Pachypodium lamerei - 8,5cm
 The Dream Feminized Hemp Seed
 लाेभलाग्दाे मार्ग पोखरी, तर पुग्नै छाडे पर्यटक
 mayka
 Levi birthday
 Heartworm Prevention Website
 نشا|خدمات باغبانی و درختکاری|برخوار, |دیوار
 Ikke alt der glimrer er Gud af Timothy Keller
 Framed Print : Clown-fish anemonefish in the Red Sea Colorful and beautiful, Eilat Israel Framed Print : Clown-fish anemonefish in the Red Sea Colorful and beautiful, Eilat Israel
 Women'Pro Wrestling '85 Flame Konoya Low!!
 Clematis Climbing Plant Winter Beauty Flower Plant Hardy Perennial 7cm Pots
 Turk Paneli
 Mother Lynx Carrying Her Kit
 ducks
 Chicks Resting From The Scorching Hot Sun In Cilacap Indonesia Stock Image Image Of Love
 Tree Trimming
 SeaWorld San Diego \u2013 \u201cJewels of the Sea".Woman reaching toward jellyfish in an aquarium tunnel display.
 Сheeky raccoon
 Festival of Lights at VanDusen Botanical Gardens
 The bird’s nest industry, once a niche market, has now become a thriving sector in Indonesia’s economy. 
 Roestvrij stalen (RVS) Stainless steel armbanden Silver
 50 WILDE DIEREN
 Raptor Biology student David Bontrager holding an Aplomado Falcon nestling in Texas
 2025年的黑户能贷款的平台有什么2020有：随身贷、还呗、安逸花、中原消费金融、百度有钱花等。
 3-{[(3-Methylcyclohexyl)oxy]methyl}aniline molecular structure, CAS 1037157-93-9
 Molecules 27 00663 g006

-=-=-=-=-

Problem:
Take every line above carrying "Indonesia" and return it.

Task output:
 Chicks Resting From The Scorching Hot Sun In Cilacap Indonesia Stock Image Image Of Love
 The bird’s nest industry, once a niche market, has now become a thriving sector in Indonesia’s economy. 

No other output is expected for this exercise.